Give back exactly the stretch of data below from the line holding "Pre-owned Bottega Veneta" through the line holding "Neon Grid Sudoku screenshots", both ends included, and leave the remaining lines out.

*Data for this task*:
-=-=-
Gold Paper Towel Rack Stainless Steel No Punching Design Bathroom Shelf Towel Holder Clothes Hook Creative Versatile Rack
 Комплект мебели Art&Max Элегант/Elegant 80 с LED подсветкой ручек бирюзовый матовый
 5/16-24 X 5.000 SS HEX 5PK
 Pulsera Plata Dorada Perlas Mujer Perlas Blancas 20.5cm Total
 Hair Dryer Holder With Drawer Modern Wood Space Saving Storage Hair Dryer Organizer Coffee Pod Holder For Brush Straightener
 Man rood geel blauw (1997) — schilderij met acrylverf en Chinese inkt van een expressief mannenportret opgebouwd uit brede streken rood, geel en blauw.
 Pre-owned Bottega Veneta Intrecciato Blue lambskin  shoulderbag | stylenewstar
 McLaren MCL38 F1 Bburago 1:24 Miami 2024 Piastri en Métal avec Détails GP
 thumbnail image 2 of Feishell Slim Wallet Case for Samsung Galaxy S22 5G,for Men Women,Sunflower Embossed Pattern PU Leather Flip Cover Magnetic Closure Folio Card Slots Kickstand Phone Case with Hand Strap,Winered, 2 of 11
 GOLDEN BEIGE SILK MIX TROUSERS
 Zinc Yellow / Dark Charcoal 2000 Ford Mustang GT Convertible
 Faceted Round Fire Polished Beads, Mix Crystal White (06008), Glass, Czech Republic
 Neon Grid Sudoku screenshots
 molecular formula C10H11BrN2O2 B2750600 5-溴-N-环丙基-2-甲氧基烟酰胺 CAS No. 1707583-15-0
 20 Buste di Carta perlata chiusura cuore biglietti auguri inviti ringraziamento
-=-=-
*Answer section*:
 Pre-owned Bottega Veneta Intrecciato Blue lambskin  shoulderbag | stylenewstar
 McLaren MCL38 F1 Bburago 1:24 Miami 2024 Piastri en Métal avec Détails GP
 thumbnail image 2 of Feishell Slim Wallet Case for Samsung Galaxy S22 5G,for Men Women,Sunflower Embossed Pattern PU Leather Flip Cover Magnetic Closure Folio Card Slots Kickstand Phone Case with Hand Strap,Winered, 2 of 11
 GOLDEN BEIGE SILK MIX TROUSERS
 Zinc Yellow / Dark Charcoal 2000 Ford Mustang GT Convertible
 Faceted Round Fire Polished Beads, Mix Crystal White (06008), Glass, Czech Republic
 Neon Grid Sudoku screenshots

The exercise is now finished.